What to do?
dstaples at livingston.net
Fri Aug 21 09:09:53 EST 1998
> Been reading in the background for a few days to get the
> feel of this newsgroup. It appears to be pretty much on
> target with some spam, but several knowledgable folks
Being an old Mizzou boy, thought I would take a shot at answering some
of your questions.
> Which brings me to my question. My wife and I are tossing
> around the idea of buying some land (in southern Missouri)
> and planting some trees for our retirement. We're in our
> mid 30's now and hoping to retire around 60. Our questions
> 1. Is this approach (buy land, manage it loosely for ~20
> years, then harvest) financially sound? Would we do better
> by sticking our retirement $ in CDs or would the potential
> future timber sales offer a greater return?
Yes, financially sound in that you gain from growth, inflation, an ever
retreating land base, and from the pure pleasure of owning land. Timber
will remain to have value, some more than other species. The point is
that the land will dictate what your future income is going to be.
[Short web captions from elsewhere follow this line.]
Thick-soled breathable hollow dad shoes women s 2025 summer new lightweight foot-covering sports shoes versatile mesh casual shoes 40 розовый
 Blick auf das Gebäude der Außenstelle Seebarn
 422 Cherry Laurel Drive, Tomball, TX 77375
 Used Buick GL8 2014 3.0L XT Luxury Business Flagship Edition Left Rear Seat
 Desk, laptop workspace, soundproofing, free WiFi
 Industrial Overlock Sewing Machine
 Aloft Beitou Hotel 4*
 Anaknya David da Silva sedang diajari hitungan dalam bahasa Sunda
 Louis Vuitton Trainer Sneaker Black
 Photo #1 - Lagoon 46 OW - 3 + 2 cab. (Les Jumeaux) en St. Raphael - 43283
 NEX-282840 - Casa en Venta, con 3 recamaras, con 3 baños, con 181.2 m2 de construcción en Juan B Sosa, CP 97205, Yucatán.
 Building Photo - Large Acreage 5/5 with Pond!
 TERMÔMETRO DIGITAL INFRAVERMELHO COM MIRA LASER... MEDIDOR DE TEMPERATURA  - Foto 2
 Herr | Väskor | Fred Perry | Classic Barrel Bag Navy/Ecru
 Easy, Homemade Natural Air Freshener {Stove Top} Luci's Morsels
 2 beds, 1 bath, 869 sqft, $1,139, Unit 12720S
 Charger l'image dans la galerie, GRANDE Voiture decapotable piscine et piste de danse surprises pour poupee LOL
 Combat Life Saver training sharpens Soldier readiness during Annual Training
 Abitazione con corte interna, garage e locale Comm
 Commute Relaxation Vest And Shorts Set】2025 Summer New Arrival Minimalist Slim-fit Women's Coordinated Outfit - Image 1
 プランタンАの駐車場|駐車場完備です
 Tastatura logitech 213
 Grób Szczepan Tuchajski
Can
you get good bottom land that will grow high quality walnut, black
cherry, and other high value furniture hard woods? Or are you looking at
some of the rock bottom hard scrabble ozark land that raises thickets of
cedar, and little more?
> 2. If this approach offers significant returns over other
> savings/investment methods, what trees should we consider
> planting, realizing that it'd be 15-20 years before we even
> consider starting to harvest?
You can look at as gaining from growth plus infaltions, which on decent
land will be any where from 8 to 20 percent, depending on species and
site, and inflation rate. One of the things to determine what is
necessary is to check out the land before your purchase. Get a soil
survey, have a forester or one of the Natural REsource Agencies.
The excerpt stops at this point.